O contexto do estudo
Um campo único para o estudo da relação entre SE e IPP é oferecido pelo caso de uma
pequena comunidade rural, na qual os autores puderam analisar a trajetória de vida de alguns
professores desde os tempos de escola até a condição atual de trabalho no contexto da
comunidade. O estudo foi realizado na pequena aldeia de Pietrana, com uma população de
cerca de 4000 habitantes, na região sul italiana de Basilicata. Tradicionalmente, esse tipo de
comunidade rural era caracterizado por uma densa rede de relacionamentos pessoais e de
parentesco. Os jovens costumavam ajudar suas famílias nas atividades agrícolas. As maiores
aldeias tinham uma pequena escola rural, incluindo uma ou poucas salas de aula do ensino
primário e, em alguns casos, um ensino médio. Após a conclusão da educação obrigatória, as
crianças tiveram que se deslocar para uma próxima aldeia ou cidade maior para frequentar as
classes mais altas de educação. Hoje em dia, a situação não é tão diferente. O ensino
secundário e superior deve ser realizado mudando-se para uma cidade maior, às vezes fora da
região.

As experiências discutidas pelos participantes do nosso estudo abrangem um período de vários


anos. Os professores entrevistados cresceram na cultura rural dos anos 60 e 70, uma fase
histórica de grandes mudanças tanto na sociedade local quanto no sistema educacional
nacional (Ginsborg, 2003). Por essa razão, o estudo deve levar em conta diferentes níveis: o
contexto histórico-cultural, as práticas e a experiência individual e a relação entre os níveis.
Por exemplo, a experiência dos participantes como estudantes ocorreu logo após uma reforma
escolar relevante no final dos anos 50, enquanto a sua experiência como professores hoje é
enquadrada em uma reforma escolar recente que ocorreu em 2012. Esse quadro cultural está
relacionado aos sistemas gerais e locais de valores, teorias sobre o desenvolvimento da criança
e o significado da educação, o papel da escola, o professor e os pais, a relação entre a escola e
a sociedade lá fora. Essa mudança é cristalizada em práticas e incorporada em artefatos da
escola (por exemplo, os planos de estudos, as lições, os livros didáticos) (Fig. 4).

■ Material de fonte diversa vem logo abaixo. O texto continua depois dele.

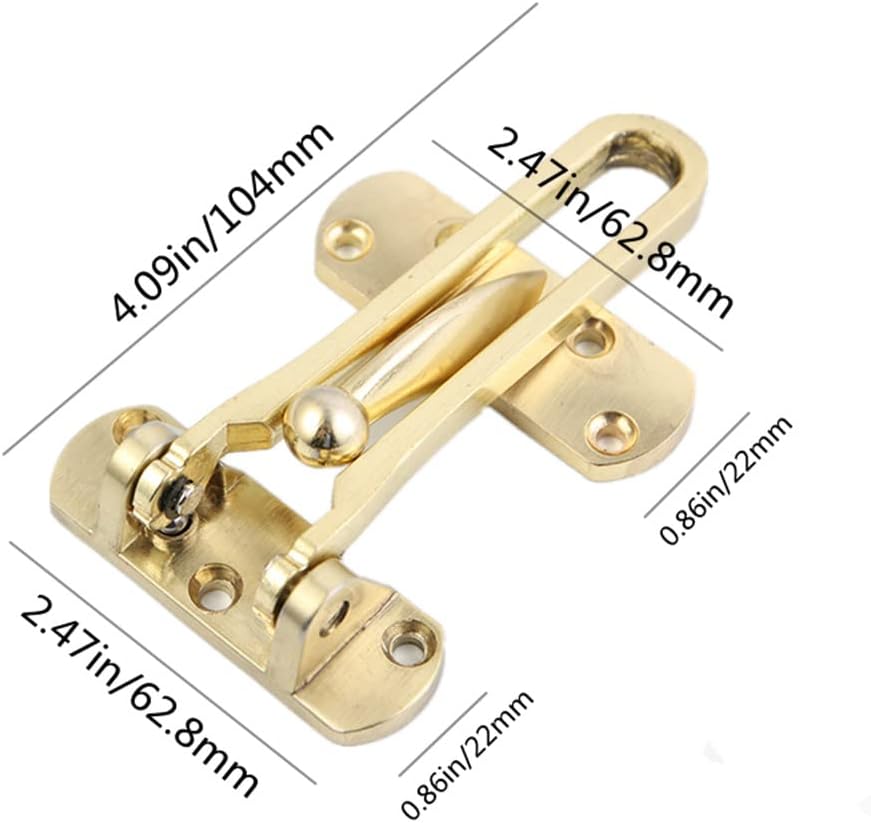2 Pack Golden Door Reinforcement Lock Swing Bar for Home Security - Solid Latch Guard Clasp for Front Doors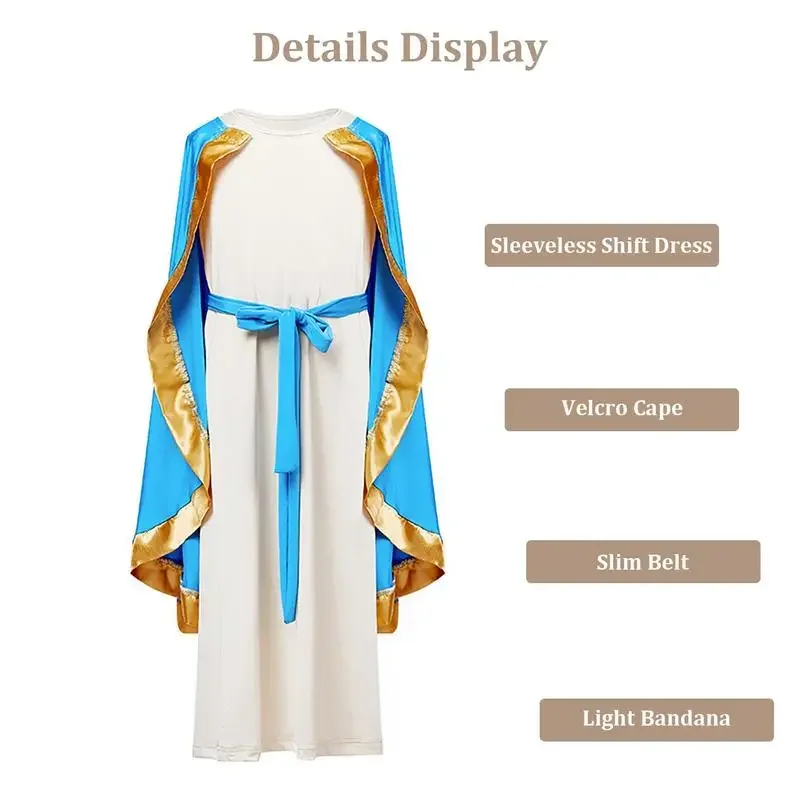 Biblical Robes For Kids Girls Holy Virgin Mary Costumes Girls Saint Outfit Cosplay Dress For Halloween And Christmas Party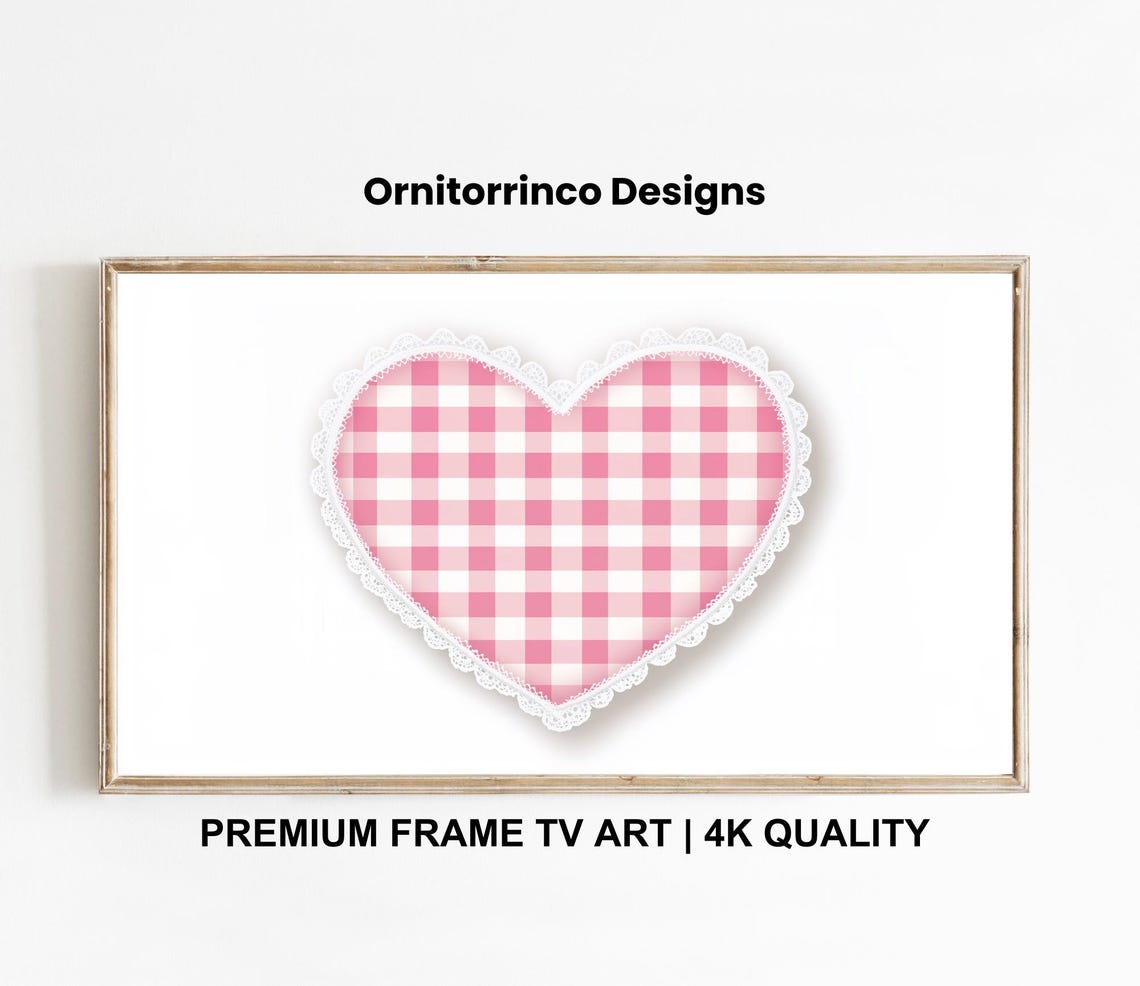 Pink Gingham Heart White Lace Trim Sweet Cottage Valentine Wall Art - Image 3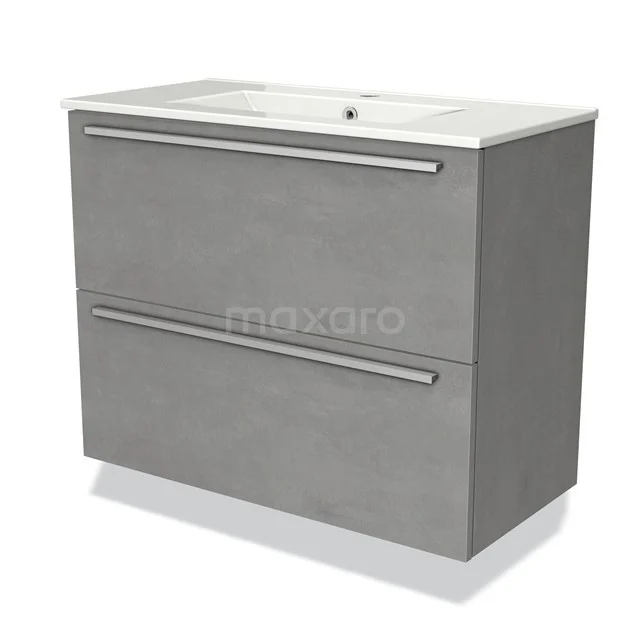 Modulo Slim Badkamermeubel Met Wastafel | 80 Cm Lichtgrijs Beton Vlak Front Keramiek 2 Lades Onder Elkaar 1 Modulo Slim Badkamermeubel Met Wastafel | 80 Cm Lichtgrijs Beton Vlak Front Keramiek 2 Lades Onder Elkaar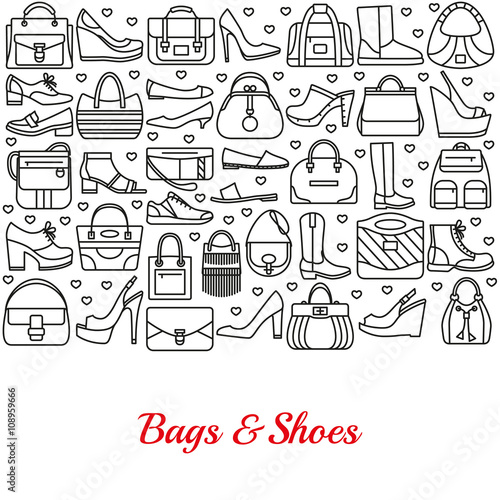 Background made of line icons. Bags and shoes. Vector illustration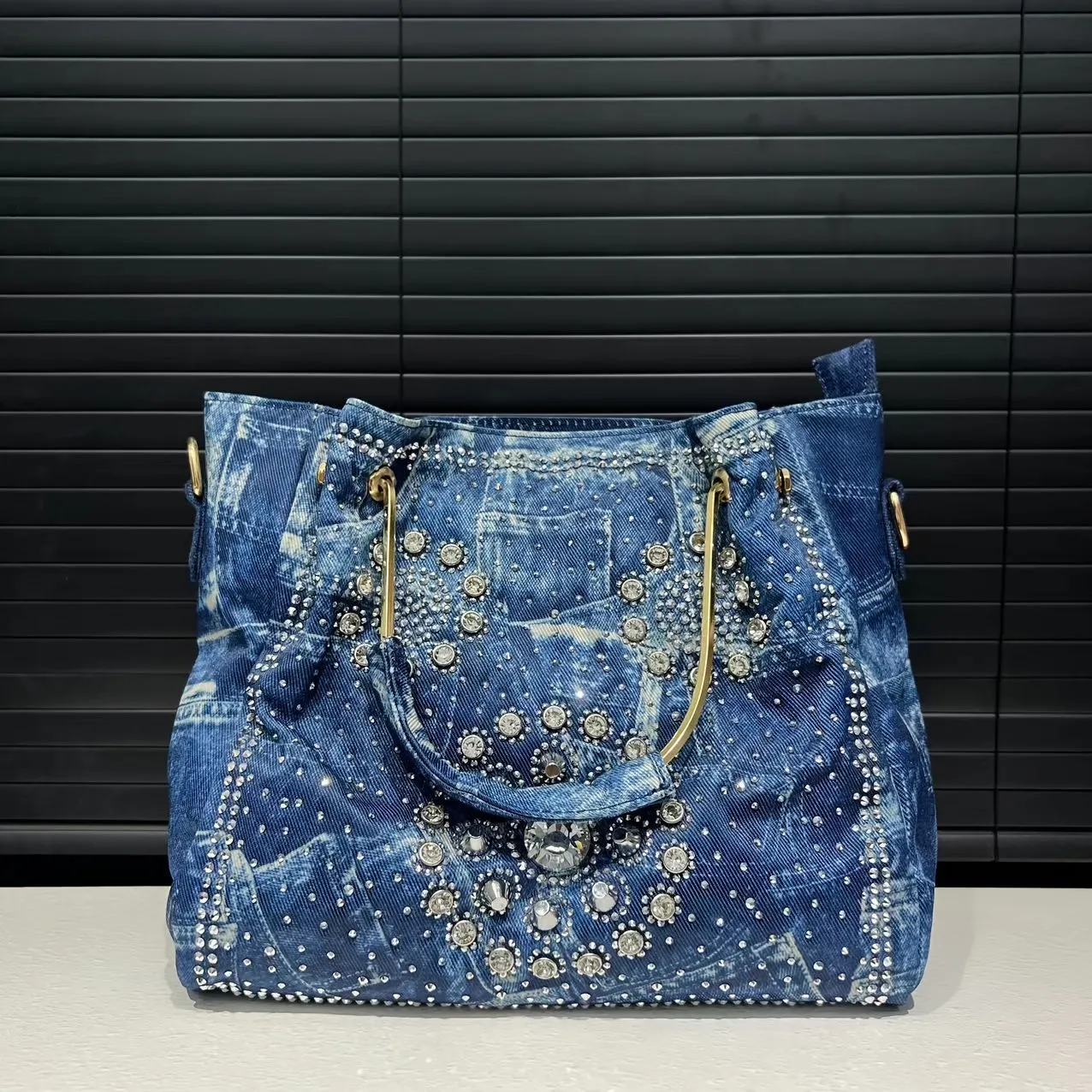 Elegant Denim Tote Bag with Sparkling Rhinestone Accents, Large Capacity Shoulder Handbag for Women - Detachable Strap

Os diferentes tipos de recursos medeiam o processo de elaboração e internalização do SE e da


IPP, bem como o processo de externalização que incorpora o SE e a IPP, em produtos que o
professor e o aluno utilizam nas atividades cotidianas. Tais produtos constituem um conjunto
de recursos simbólicos longe de serem consistentes e evidentes. Pelo contrário, eles contêm
ambivalências. Eles exigem um trabalho complexo de negociação de significados pelos
professores e alunos. Para tanto, aplicou-se uma metodologia qualitativa articulada para
analisar as conexões entre esses níveis, tentando apreender as diferenças e semelhanças no
processo de elaboração da IPP nas diferentes idades da trajetória de vida de nossos
participantes.

Participantes e Metodologia
O estudo foi conduzido na escola primária de Pietrana, que tem apenas cinco classes do
primeiro ciclo (do primeiro ao quinto ano). Cada turma tem dois professores designados,
divididos de acordo com os assuntos ensinados: uma pessoa ensina alfabetização, história,
educação cívica, arte e ginástica; e a outra pessoa ensina matemática, ciências, geografia,
tecnologia e música. Há também dois professores adicionais para religião e inglês, que são
nomeados em tempo parcial para todas as séries.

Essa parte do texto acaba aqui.